Excerpted data:
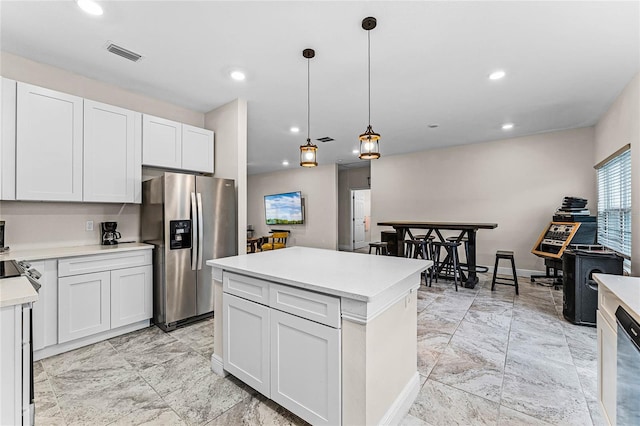 kitchen with white cabinets, stainless steel fridge, a kitchen island, and hanging light fixtures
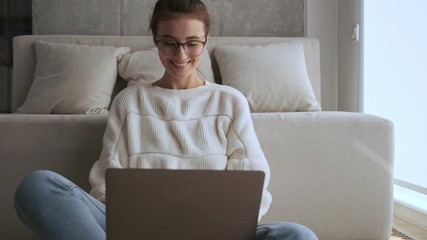 Poster - Cheerful pretty brunette woman in eyeglasses using laptop computer and looking at the camera after that while sitting near the window at home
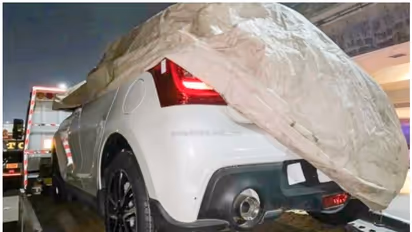 ലോറിപ്പുറത്തേറി, പാതിമൂടി ഒരു സ്വിഫ്റ്റ് ; സംശയങ്ങള്‍ പലവിധം!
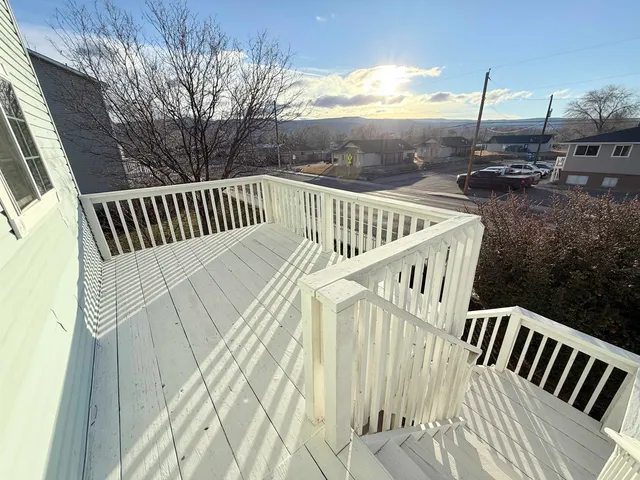 a view of a house with wooden deck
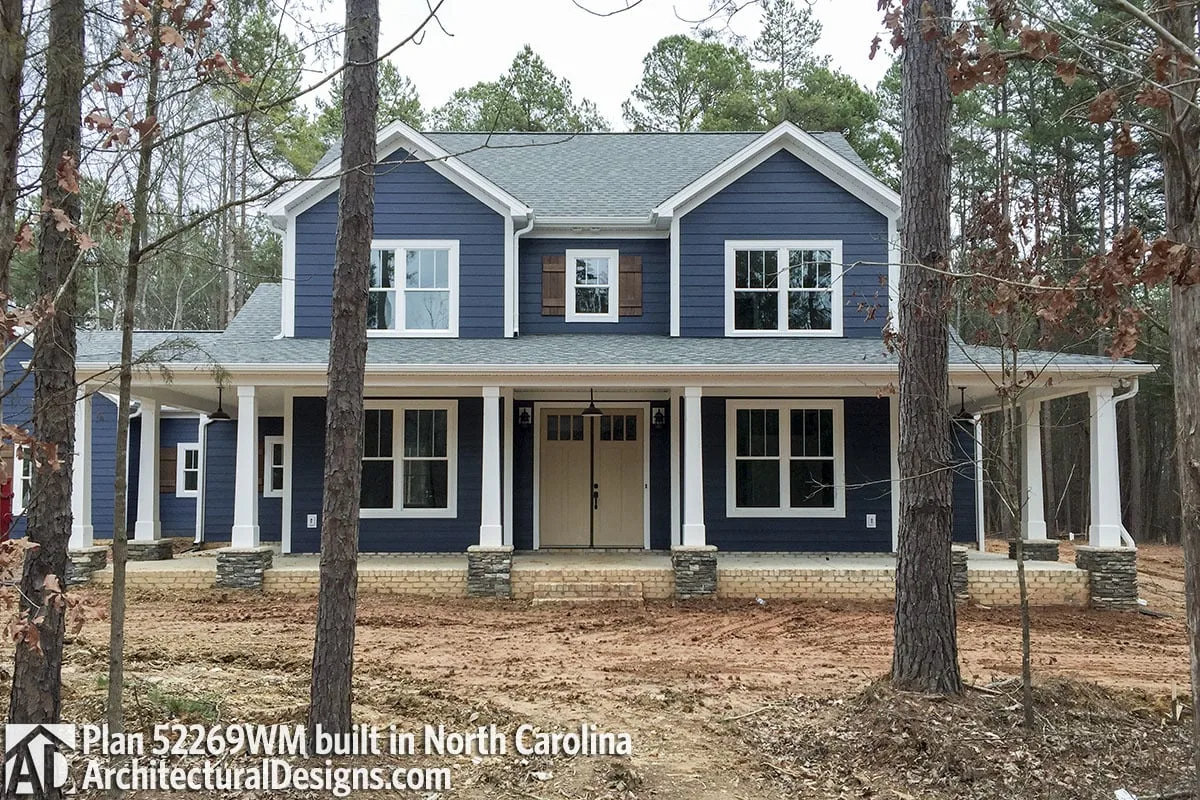 The wonderful dark blue of the farmhouse and the artful usage of brick lining on the porch.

Exercise description: Without the pictures, transcribe the lines from the one containing "ലോറിപ്പുറത്തേറി, പാതിമൂടി ഒരു" through the end of the data, exactly and only those.

Written solution:
 ലോറിപ്പുറത്തേറി, പാതിമൂടി ഒരു സ്വിഫ്റ്റ് ; സംശയങ്ങള്‍ പലവിധം!
 a view of a house with wooden deck
 The wonderful dark blue of the farmhouse and the artful usage of brick lining on the porch.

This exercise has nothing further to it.